Постструктуралист Мишель Поль Фуко (1926–1984, приятель Делёза и один из идолов «новых левых») заявлял: «Разум – это застенок»; «Мы не хотим больше знания, которое является лишь искусной маской подавления». По смыслу его учения, человек как разумно самоопределяющееся существо уже умер, а субъектность является только функцией, модусом или складкой социальной структуры (явный вульгарный социологизм.  В.Н.). «Ответственность, восприимчивость, справедливость, закон – это были пустые идеи, символы репрессивной, вводящей в заблуждение, пагубной идеологии»; «человек может и должен переживать себя негативно, через ненависть и агрессию», – писал Фуко. Сам он был наркоман, гей и умер от СПИДа, который тогда еще называли "раком гомосексуалистов".
Иногда даже постструктурализм противопоставляют постмодернизму, полагая, что и он еще не полностью отказался от воплощения рационалистических установок. Ведь законченный постмодернизм не создает общих учений о мире, а требует, наоборот, ликвидации всех учений такого рода. В частности, постмодернист Жак Деррида (р. 1930) утверждает, что единственно возможное поле действия для философа – поле текстов, и единственно возможное преобразование мира – реструктуризация текстуального поля, без претензий на отражение действительности или воздействие на нее. Свои тексты постмодернисты умышленно превращают в «мельницу слов», где за снобистской терминологией и путаным изложением трудно уловить связную мысль. Так они уклоняются от «репрессивной ясности» системного мышления.
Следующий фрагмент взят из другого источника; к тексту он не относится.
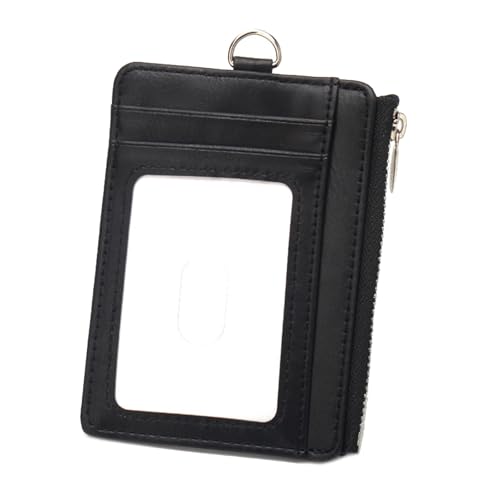 Kompaktkarten Brieftasche Mit Blockierung Und Reißverschlusspoch PU Leder Münzholz Kartenhalter Mit Abnehmbarem Lanyard von WATERBELINE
Известен ряд случаев, когда статьи-розыгрыши с заведомо бессмысленным содержанием были приняты постмодернистами за глубокие философские труды и опубликованы в их «научных» изданиях.
По удачному замечанию В. Пелевина, постмодернисты напоминают своего рода цыган, которые со свистом и гиканьем угоняют остатки здравого смысла. Мы не разделяем мнение, что постмодернизм напрямую обусловлен развитием информационной техники (В.А. Кутырев и др.; тоже версия технологического детерминизма). Развитие техники – лишь предпосылка дальнейшего разложения индустриального общества, которое определяет форму господствующей идеологии. Гнилому обществу – гнилая философия.
В той области, где западная философия еще не порвала со здравым смыслом, в ней усиливается терапевтический уклон, вплоть до претензий полностью заменить философию психотерапией (А. Блантер, Ф. Ньюмен, Л. Хольцман и др.) Нарастает также тенденция вытеснения философии богословием. Как остроумно заметил Б.В. Марков (2006), ныне философу нельзя отказываться от религии только потому, что бога нет.
В результате открывается простор для недобросовестной мистификации, для суеверий, оккультизма и мифотворчества. Модерн в философии был для научного мировоззрения ненастной осенью, постмодерн стал для него суровой зимой. Придет, однако, и новая весна философии. Предпосылки для нее уже сейчас создаются постнеклассической наукой. Но расцветет эта весна уже в период краха индустриальной и становления новой цивилизации.